[<prev] [next>] [thread-next>] [day] [month] [year] [list]
Message-Id: <20210826140150.19920-1-justin.iurman@uliege.be>
Date: Thu, 26 Aug 2021 16:01:50 +0200
From: Justin Iurman <justin.iurman@...ege.be>
To: netdev@...r.kernel.org
Cc: davem@...emloft.net, kuba@...nel.org, yoshfuji@...ux-ipv6.org,
dsahern@...nel.org, tom@...bertland.com, edumazet@...gle.com,
justin.iurman@...ege.be
Subject: [RFC net-next] ipv6: Support for anonymous tunnel decapsulation
Nowadays, there are more and more private domains where a lot of ingresses and
egresses must be linked altogether. Configuring each possible tunnel explicitly
could quickly become a nightmare in such use case. Therefore, introducing
support for ip6ip6 decapsulation without an explicit tunnel configuration looks
like the best solution (e.g., for IOAM). For now, this patch only adds support
for ip6ip6 decap, but ip6ip4 could probably be added too if needed.
Last year, we had an interesting discussion [1] with Tom about this topic, and
especially on how such solution could be implemented in a more generic way. Here
is the summary of the thread.
Tom said:
"This is just IP in IP encapsulation that happens to be terminated at
an egress node of the IOAM domain. The fact that it's IOAM isn't
germaine, this IP in IP is done in a variety of ways. We should be
using the normal protocol handler for NEXTHDR_IPV6 instead of special
case code."
He also said:
"The current implementation might not be what you're looking for since
ip6ip6 wants a tunnel configured. What we really want is more like
anonymous decapsulation, that is just decap the ip6ip6 packet and
resubmit the packet into the stack (this is what you patch is doing).

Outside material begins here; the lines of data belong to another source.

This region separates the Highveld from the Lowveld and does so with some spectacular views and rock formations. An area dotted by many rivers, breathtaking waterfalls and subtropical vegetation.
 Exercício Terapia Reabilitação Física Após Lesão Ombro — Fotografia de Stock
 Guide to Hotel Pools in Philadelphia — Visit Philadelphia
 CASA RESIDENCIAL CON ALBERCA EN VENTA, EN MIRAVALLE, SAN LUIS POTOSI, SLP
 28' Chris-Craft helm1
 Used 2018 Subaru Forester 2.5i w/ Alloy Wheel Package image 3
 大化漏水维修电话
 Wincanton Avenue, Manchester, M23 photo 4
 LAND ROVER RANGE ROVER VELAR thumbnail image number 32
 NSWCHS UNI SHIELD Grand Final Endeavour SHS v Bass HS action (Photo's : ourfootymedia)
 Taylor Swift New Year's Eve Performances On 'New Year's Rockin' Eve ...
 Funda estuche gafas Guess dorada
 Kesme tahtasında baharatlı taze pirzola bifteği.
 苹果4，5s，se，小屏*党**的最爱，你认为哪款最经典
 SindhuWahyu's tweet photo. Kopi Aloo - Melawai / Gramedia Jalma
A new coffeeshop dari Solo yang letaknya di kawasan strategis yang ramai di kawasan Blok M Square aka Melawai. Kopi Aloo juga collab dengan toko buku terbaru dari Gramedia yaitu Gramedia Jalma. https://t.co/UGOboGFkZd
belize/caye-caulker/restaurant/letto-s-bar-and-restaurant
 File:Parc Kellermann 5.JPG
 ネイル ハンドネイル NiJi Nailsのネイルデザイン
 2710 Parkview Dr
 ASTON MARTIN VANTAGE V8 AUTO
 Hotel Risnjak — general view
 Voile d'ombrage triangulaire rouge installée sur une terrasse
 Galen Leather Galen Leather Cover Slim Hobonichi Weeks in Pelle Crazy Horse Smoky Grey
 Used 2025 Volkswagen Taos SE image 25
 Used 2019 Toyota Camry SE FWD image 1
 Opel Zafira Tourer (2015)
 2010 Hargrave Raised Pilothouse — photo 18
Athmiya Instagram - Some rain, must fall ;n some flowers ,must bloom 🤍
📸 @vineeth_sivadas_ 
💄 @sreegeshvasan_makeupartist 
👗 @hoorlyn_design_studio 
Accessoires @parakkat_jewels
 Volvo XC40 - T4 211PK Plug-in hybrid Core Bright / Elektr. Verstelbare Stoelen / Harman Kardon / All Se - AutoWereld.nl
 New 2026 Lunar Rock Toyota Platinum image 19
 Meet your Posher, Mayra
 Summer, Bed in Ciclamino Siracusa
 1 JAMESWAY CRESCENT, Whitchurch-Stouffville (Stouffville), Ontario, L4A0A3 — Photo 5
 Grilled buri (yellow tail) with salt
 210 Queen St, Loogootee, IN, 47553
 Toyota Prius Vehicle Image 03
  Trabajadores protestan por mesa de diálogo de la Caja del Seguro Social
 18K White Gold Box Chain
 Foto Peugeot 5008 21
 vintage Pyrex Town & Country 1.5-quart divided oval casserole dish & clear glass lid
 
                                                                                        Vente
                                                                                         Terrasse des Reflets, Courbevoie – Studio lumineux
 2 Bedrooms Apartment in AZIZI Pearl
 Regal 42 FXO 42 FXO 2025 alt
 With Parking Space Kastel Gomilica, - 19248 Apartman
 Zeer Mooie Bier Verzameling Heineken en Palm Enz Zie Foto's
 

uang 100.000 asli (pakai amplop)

The idea has been kicked around before, especially in the use case
where we're tunneling across a domain and there could be hundreds of
such tunnels to some device. I think it's generally okay to do this,
although someone might raise security concerns since it sort of
obfuscates the "real packet". Probably makes sense to have a sysctl to
enable this and probably could default to on. Of course, if we do this
the next question is should we also implement anonymous decapsulation
for 44,64,46 tunnels."
Based on the above, here is a generic solution to introduce anonymous tunnels
for IPv6. We know that the tunnel6 module is, when loaded, already responsible
for handling IPPROTO_IPV6 from an IPv6 context (= ip6ip6). Therefore, when
tunnel6 is loaded, it handles ip6ip6 with its tunnel6_rcv handler. Inside the
handler, we add a check for anonymous tunnel decapsulation and, if enabled,
perform the decap. When tunnel6 is unloaded, it gives the responsability back to
tunnel6_anonymous and its own handler. Note that the introduced sysctl to
enable anonymous decapsulation is equal to 0 (= disabled) by default. Indeed,
as opposed to what Tom suggested, I think it should be disabled by default in
order to make sure that users won't have it enabled without knowing it (for
security reasons, obviously).
Thoughts?
Some feedback would be really appreciated, specifically on these points:
- Should the anonymous decapsulation happen before (as it is right now) or
after tunnel6 handlers? "Before" looks like the most logical solution as,
even if you configure a tunnel and enable anonymous decap, the latter will
take precedence.
- Any comments on the choice of the sysctl name ("tunnel66_decap_enabled")?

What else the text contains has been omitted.